Example with stdin input (assumes Bash, Ksh, or Zsh):
$ sed '$ s/.$//' <<< $'line one\nline two'
line one
line tw
To update the input file too (do not use if the input file is a symlink):
sed -i '$ s/.$//' somefile
Note:
On macOS, you'd have to use -i '' instead of just -i; for an overview of the pitfalls associated with -i, see the bottom half of this answer.
If you need to process very large input files and/or performance / disk usage are a concern and you're using GNU utilities (Linux), see ImHere's helpful answer.
truncate
truncate -s-1 file
Removes one (-1) character from the end of the same file. Exactly as a >> will append to the same file.
The problem with this approach is that it doesn't retain a trailing newline if it existed.
The solution is:
if [ -n "$(tail -c1 file)" ] # if the file has not a trailing new line.
then
truncate -s-1 file # remove one char as the question request.
else
truncate -s-2 file # remove the last two characters
echo "" >> file # add the trailing new line back
fi
This works because tail takes the last byte (not char).
It takes almost no time even with big files.
Why not sed
The problem with a sed solution like sed '$ s/.$//' file is that it reads the whole file first (taking a long time with large files), then you need a temporary file (of the same size as the original):
sed '$ s/.$//' file > tempfile
rm file; mv tempfile file
And then move the tempfile to replace the file.
Here's another using ex, which I find not as cryptic as the sed solution:
printf '%s\n' '$' 's/.$//' wq | ex somefile
The $ goes to the last line, the s deletes the last character, and wq is the well known (to vi users) write+quit.
After a whole bunch of playing around with different strategies (and avoiding sed -i or perl), the best way i found to do this was with:
sed '$! { P; D; }; s/.$//' somefile
If the goal is to remove the last character in the last line, this awk should do:
awk '{a[NR]=$0} END {for (i=1;i<NR;i++) print a[i];sub(/.$/,"",a[NR]);print a[NR]}' file
sometext
moretext
lastlin
It store all data into an array, then print it out and change last line.
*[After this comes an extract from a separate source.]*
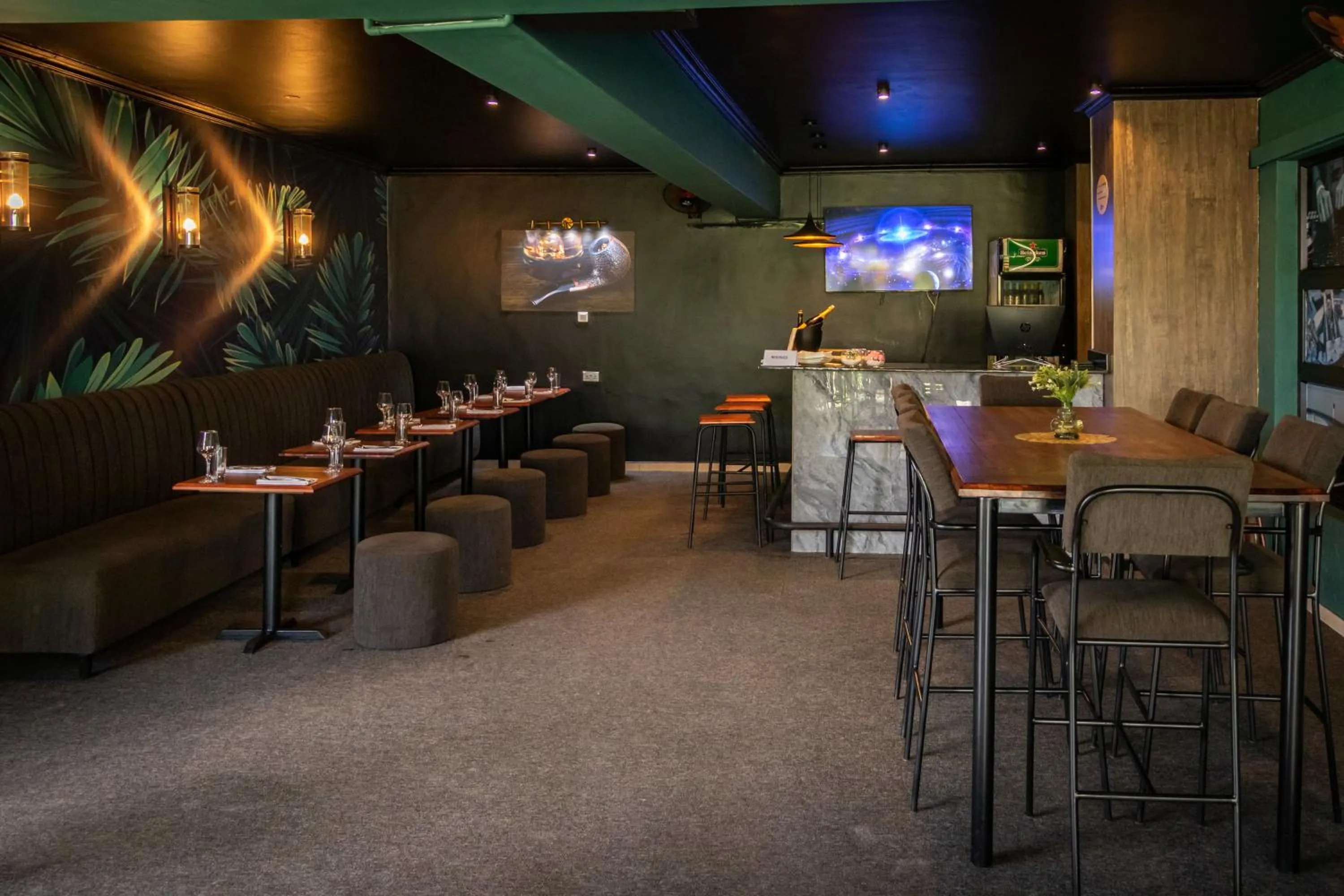 Restaurant/places to eat in Highlands Suites Hotel and Apartments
Just a remark: sed will temporarily remove the file.
So if you are tailing the file, you'll get a "No such file or directory" warning until you reissue the tail command.
EDITED ANSWER
I created a script and put your text inside on my Desktop. this test file is saved as "old_file.txt"
sometext
moretext
lastline
Afterwards I wrote a small script to take the old file and eliminate the last character in the last line
#!/bin/bash
no_of_new_line_characters=`wc '/root/Desktop/old_file.txt'|cut -d ' ' -f2`
let "no_of_lines=no_of_new_line_characters+1"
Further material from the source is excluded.